VOGLIA DI COMPILATION E RINASCE LA MUSICASSETTA

Retromania, non c’è dub­bio. Passata la sbornia da (presunto) ritorno del vinile, pare sia riscoccata l’ora della musicassetta. Sì, quel vetusto supporto che ulti­mamente faceva mostra nei peggiori autogrill d’Italia. Az­zurrognolo reperto fuso da un ventennio di graticola solare. Qualcosa è cambiato, o alme­no sembra. Si ipotizza, infatti, il gran ritorno nei negozi italiani della musicassetta, proprio nell’anno in cui si festeggia il mez­zo secolo di vita dell’antenato del download. In attesa di tor­nare acquirenti, in Gran Breta­gna e negli Usa si è scoperto che c’è una famelica sacca di irridu­cibili che compra ancora vec­chi nastri.

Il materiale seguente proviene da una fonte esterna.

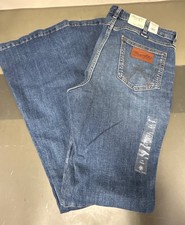 Wrangler Women's Retro High Rise Flare 31x34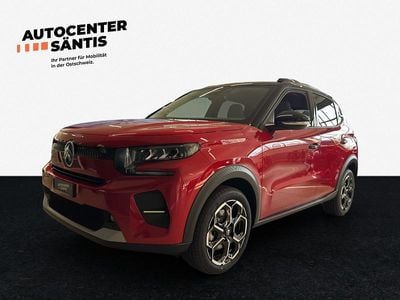 Rot Neu 2025 Citroën e-C3 Limousine | CHF 30’950 (Etwas zu teuer)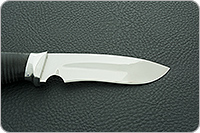 Нож Н31А Ратник наборная кожа, эи-107, алюминий : фото 8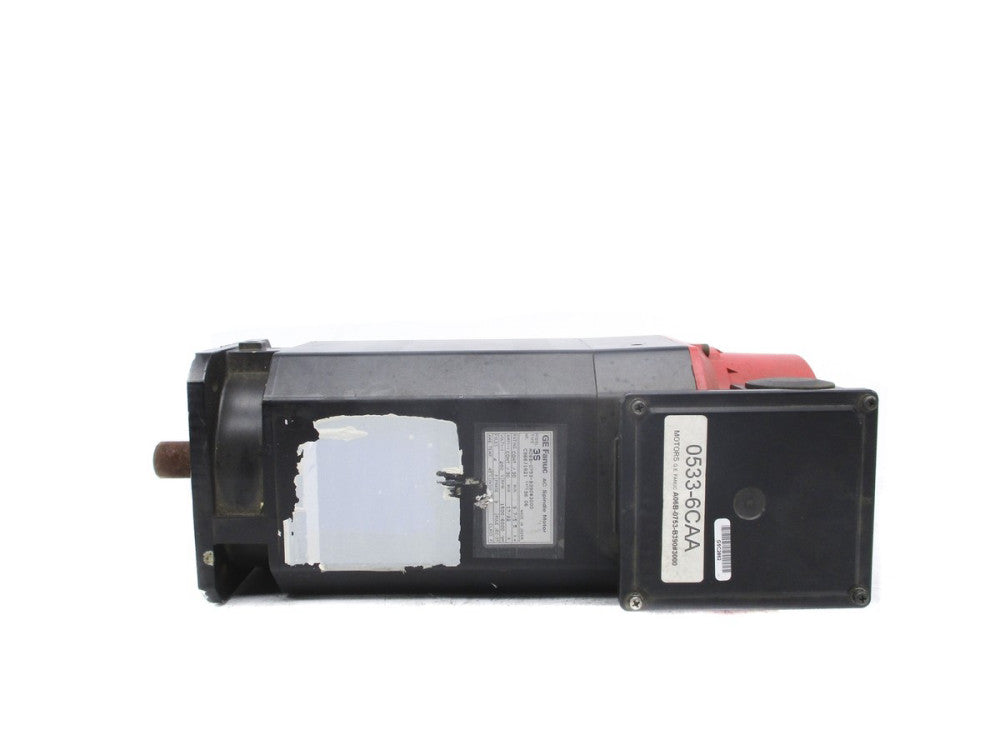 GE FANUC A06B-0753-B390#3000 NSNP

In Gran Bretagna ne sono stati ac­quistati 3823. Negli Usa ben 200mila, con un 645 per cento di vendi­te in più rispet­to al 2011. Sce­nari impreve­dibili si apro­no all’orizzon­te.
Era il 1962 quando la Philips inventò la musicassetta per poi metterne in commercio i primi esemplari l’anno successivo. Un successone. Si trattava di un contenitore in plastica con due bobine che avvolgevano un nastro magnetico prodotto da Basf e che tentava di imporsi in un mercato affollato da sup­porti analoghi basati sulla cartuccia a nastro. Il boom arrivò nel 1979 grazie a Sony e al suo Walkman che tre anni introdus­se anche l’equalizzatore a cor­redo. Ambito come un iPod, permetteva per la prima volta di ascoltare musica ovunque e con buona qualità. Unica cosa il fruscio. Lo potevi debellare in­serendo il dolby che però aveva un difetto: segava le frequenze alte e soffocava il suono. Grazie alla semplicità con la quale si potevano riversare su nastro canzoni di ogni tipo presto si affermò la moda delle compilation, si poteva conquistare le ragazze con una buona scaletta. In commercio c’erano diverse tipologie di mu­sicassette: dalle C46, in grado di registrare 23 minu­ti per lato, alle C120, 60 minuti per lato e grande libidine musi­cale.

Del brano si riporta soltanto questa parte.